Beginner's Guide to Working with Strings in Go

Beginner's Guide to Working with Strings in Go

Learn the basics of the string data type in Go and avoid misunderstood mechanics: representation in memory, character encoding schemes, and more.

Regardless of your experience in computing, whether you're a beginner without a single written line of code or a senior developer with years of professional experience, strings and how they are represented is a commonly misunderstood concept.

This article assumes a basic familiarity with the Go type slice as well as basic programming knowledge.

This post intends to serve as a beginner's guide to working with strings in Go while also serving up some useful "gotchas" for those with a little more experience. Let's sling some strings.

gopher-3004641796.jpeg

How Does Go Define Strings?

In Go strings are represented in memory as an immutable (unable to be modified) sequence of bytes. Their general purpose being to process and represent text.
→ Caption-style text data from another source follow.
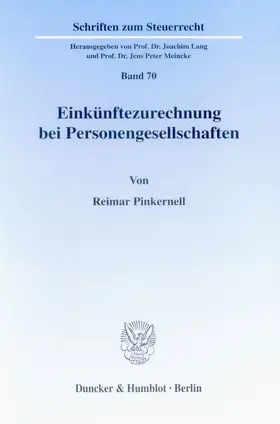 Pinkernell |  Einkünftezurechnung bei Personengesellschaften. | Buch |  Sack Fachmedien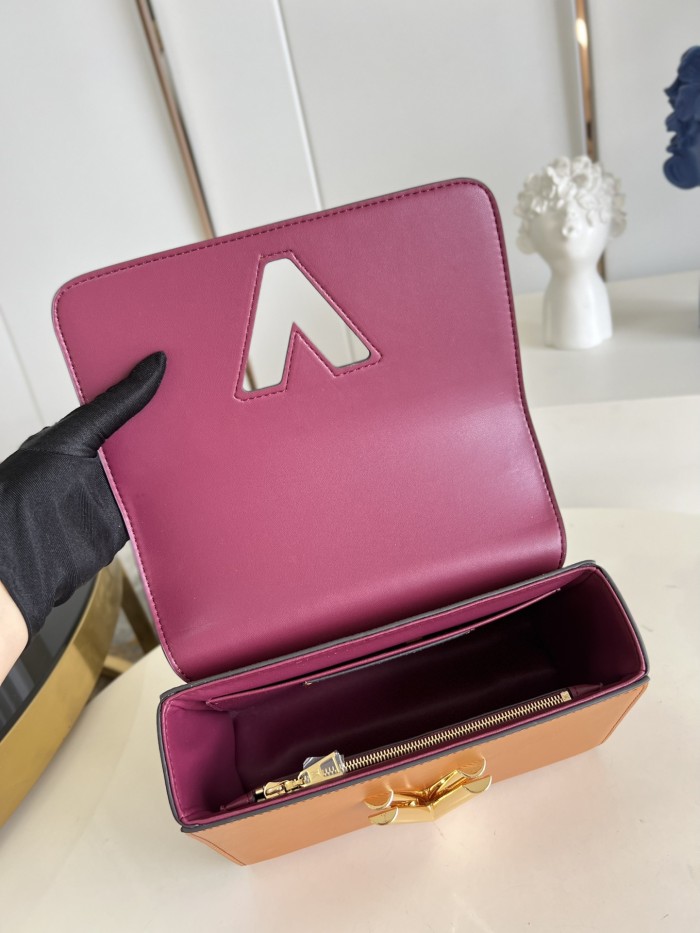 Louis Vuitton Womens Bags Shoulder Messenger Bags Luxury Brand TWIST MM M20846 with Original Box Gold Cipango Beige Epi grained leather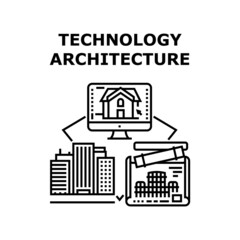 Technology Architecture Vector Icon Concept. Computer Software And Blueprint With Equipment, Technology Architecture For Create Building Exterior And Design. Architectural Business Black Illustration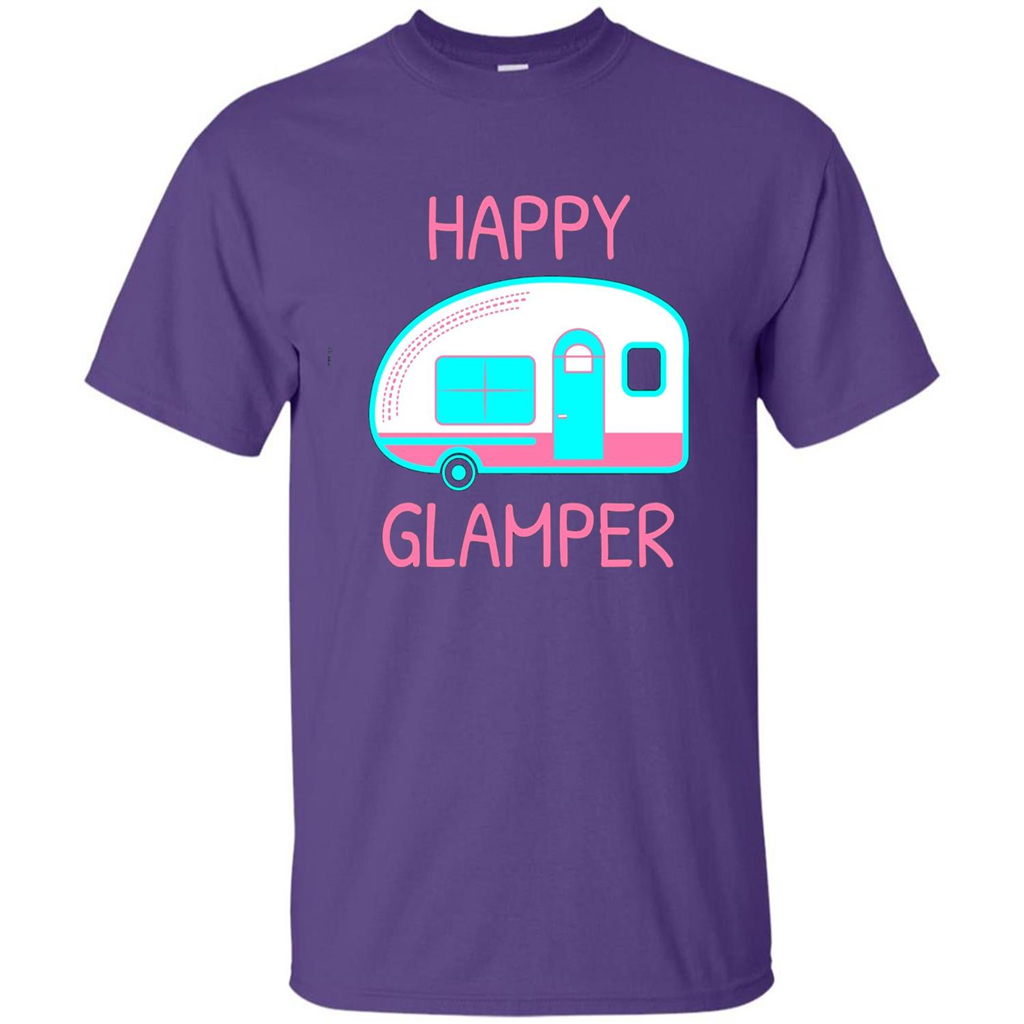Happy Glamper - Glamping Camping Gift Idea T-Shirt Purple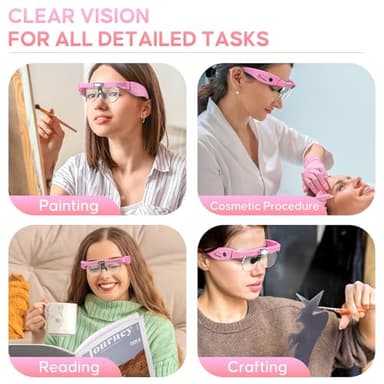 GUOUBUO Magnifying Glass with Light, 1.5X-5.0X Magnifying Glasses, Rechargeable Magnifier Headset with Light, Head Magnifier with 4 Detachable Lenses, Magnify Glasses for Close Work Crafts Jewelry - Image 7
They can be initialized and printed like so:

var hello string = "Hello World!"
goodbye := "Goodbye!"
fmt.Println(hello, goodbye)

Output:

Hello World! Goodbye!

While the following definitions don't appear at face-value to be a slice of bytes, they're compiled as such. This behavior can be demonstrated with the lines treating the strings as slices. What happens when indexing strings like we would a slice?

greeting := "Greetings"
fmt.Println(greeting[2])
fmt.Println(greeting[4])

Output:

101
116

Wait, why are decimal numbers getting returned in the output? Like mentioned above, under the hood strings are a slice of bytes. The decimal numbers returned are the numeral representation of the characters we assigned in the string ("Greetings").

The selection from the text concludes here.